━━━ Data supplied
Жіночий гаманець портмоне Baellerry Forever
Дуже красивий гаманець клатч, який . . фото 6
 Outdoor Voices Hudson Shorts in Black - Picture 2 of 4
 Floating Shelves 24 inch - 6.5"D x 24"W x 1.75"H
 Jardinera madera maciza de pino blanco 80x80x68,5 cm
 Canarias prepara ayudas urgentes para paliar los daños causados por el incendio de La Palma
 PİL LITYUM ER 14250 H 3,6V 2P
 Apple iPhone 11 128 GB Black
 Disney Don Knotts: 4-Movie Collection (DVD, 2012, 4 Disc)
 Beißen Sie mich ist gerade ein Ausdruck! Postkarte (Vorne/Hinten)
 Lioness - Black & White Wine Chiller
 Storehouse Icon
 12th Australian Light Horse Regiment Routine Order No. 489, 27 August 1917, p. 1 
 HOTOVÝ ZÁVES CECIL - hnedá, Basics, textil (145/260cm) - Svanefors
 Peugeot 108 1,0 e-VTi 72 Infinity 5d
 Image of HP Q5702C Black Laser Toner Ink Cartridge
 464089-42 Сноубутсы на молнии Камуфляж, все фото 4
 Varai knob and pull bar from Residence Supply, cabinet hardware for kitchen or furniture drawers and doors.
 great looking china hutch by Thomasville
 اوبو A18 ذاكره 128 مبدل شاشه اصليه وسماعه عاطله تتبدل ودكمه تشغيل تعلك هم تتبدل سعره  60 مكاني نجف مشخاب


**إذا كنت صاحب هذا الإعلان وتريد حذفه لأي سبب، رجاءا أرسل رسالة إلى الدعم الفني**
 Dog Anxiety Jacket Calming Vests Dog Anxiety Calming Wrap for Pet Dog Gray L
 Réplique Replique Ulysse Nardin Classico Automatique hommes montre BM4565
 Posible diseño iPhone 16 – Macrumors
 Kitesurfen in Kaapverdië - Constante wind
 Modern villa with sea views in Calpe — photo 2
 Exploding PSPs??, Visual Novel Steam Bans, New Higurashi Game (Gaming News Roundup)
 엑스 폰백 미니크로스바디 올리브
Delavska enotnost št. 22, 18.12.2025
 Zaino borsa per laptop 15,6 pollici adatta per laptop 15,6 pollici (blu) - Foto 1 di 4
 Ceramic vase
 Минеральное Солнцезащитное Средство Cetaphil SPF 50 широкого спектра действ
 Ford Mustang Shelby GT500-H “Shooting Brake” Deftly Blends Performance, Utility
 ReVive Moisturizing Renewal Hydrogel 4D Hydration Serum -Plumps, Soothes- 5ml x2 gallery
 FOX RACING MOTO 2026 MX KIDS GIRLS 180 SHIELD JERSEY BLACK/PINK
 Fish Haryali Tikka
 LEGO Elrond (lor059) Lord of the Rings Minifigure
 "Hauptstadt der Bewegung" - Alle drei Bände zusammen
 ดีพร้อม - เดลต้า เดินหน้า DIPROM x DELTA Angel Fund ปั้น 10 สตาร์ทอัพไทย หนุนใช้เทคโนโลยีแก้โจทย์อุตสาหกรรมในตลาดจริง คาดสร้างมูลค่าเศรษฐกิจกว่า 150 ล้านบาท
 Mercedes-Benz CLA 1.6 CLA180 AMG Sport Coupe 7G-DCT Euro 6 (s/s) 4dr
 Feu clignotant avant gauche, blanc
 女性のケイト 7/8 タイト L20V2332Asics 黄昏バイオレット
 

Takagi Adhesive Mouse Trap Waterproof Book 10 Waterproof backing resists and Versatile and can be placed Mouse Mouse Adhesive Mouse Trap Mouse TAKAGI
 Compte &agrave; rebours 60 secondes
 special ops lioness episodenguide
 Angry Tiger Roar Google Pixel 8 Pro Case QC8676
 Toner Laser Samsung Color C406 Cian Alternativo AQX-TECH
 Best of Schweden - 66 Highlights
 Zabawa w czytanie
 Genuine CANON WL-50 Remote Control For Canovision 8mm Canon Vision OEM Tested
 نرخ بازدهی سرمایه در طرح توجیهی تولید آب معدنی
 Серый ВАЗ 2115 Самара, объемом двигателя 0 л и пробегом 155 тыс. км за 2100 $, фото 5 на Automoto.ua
━━━━━━
Directions →
Go through the records and copy each one exactly.

Output for this exercise →
Жіночий гаманець портмоне Baellerry Forever
Дуже красивий гаманець клатч, який . . фото 6
 Outdoor Voices Hudson Shorts in Black - Picture 2 of 4
 Floating Shelves 24 inch - 6.5"D x 24"W x 1.75"H
 Jardinera madera maciza de pino blanco 80x80x68,5 cm
 Canarias prepara ayudas urgentes para paliar los daños causados por el incendio de La Palma
 PİL LITYUM ER 14250 H 3,6V 2P
 Apple iPhone 11 128 GB Black
 Disney Don Knotts: 4-Movie Collection (DVD, 2012, 4 Disc)
 Beißen Sie mich ist gerade ein Ausdruck! Postkarte (Vorne/Hinten)
 Lioness - Black & White Wine Chiller
 Storehouse Icon
 12th Australian Light Horse Regiment Routine Order No. 489, 27 August 1917, p. 1 
 HOTOVÝ ZÁVES CECIL - hnedá, Basics, textil (145/260cm) - Svanefors
 Peugeot 108 1,0 e-VTi 72 Infinity 5d
 Image of HP Q5702C Black Laser Toner Ink Cartridge
 464089-42 Сноубутсы на молнии Камуфляж, все фото 4
 Varai knob and pull bar from Residence Supply, cabinet hardware for kitchen or furniture drawers and doors.
 great looking china hutch by Thomasville
 اوبو A18 ذاكره 128 مبدل شاشه اصليه وسماعه عاطله تتبدل ودكمه تشغيل تعلك هم تتبدل سعره  60 مكاني نجف مشخاب


**إذا كنت صاحب هذا الإعلان وتريد حذفه لأي سبب، رجاءا أرسل رسالة إلى الدعم الفني**
 Dog Anxiety Jacket Calming Vests Dog Anxiety Calming Wrap for Pet Dog Gray L
 Réplique Replique Ulysse Nardin Classico Automatique hommes montre BM4565
 Posible diseño iPhone 16 – Macrumors
 Kitesurfen in Kaapverdië - Constante wind
 Modern villa with sea views in Calpe — photo 2
 Exploding PSPs??, Visual Novel Steam Bans, New Higurashi Game (Gaming News Roundup)
 엑스 폰백 미니크로스바디 올리브
Delavska enotnost št. 22, 18.12.2025
 Zaino borsa per laptop 15,6 pollici adatta per laptop 15,6 pollici (blu) - Foto 1 di 4
 Ceramic vase
 Минеральное Солнцезащитное Средство Cetaphil SPF 50 широкого спектра действ
 Ford Mustang Shelby GT500-H “Shooting Brake” Deftly Blends Performance, Utility
 ReVive Moisturizing Renewal Hydrogel 4D Hydration Serum -Plumps, Soothes- 5ml x2 gallery
 FOX RACING MOTO 2026 MX KIDS GIRLS 180 SHIELD JERSEY BLACK/PINK
 Fish Haryali Tikka
 LEGO Elrond (lor059) Lord of the Rings Minifigure
 "Hauptstadt der Bewegung" - Alle drei Bände zusammen
 ดีพร้อม - เดลต้า เดินหน้า DIPROM x DELTA Angel Fund ปั้น 10 สตาร์ทอัพไทย หนุนใช้เทคโนโลยีแก้โจทย์อุตสาหกรรมในตลาดจริง คาดสร้างมูลค่าเศรษฐกิจกว่า 150 ล้านบาท
 Mercedes-Benz CLA 1.6 CLA180 AMG Sport Coupe 7G-DCT Euro 6 (s/s) 4dr
 Feu clignotant avant gauche, blanc
 女性のケイト 7/8 タイト L20V2332Asics 黄昏バイオレット
 

Takagi Adhesive Mouse Trap Waterproof Book 10 Waterproof backing resists and Versatile and can be placed Mouse Mouse Adhesive Mouse Trap Mouse TAKAGI
 Compte &agrave; rebours 60 secondes
 special ops lioness episodenguide
 Angry Tiger Roar Google Pixel 8 Pro Case QC8676
 Toner Laser Samsung Color C406 Cian Alternativo AQX-TECH
 Best of Schweden - 66 Highlights
 Zabawa w czytanie
 Genuine CANON WL-50 Remote Control For Canovision 8mm Canon Vision OEM Tested
 نرخ بازدهی سرمایه در طرح توجیهی تولید آب معدنی
 Серый ВАЗ 2115 Самара, объемом двигателя 0 л и пробегом 155 тыс. км за 2100 $, фото 5 на Automoto.ua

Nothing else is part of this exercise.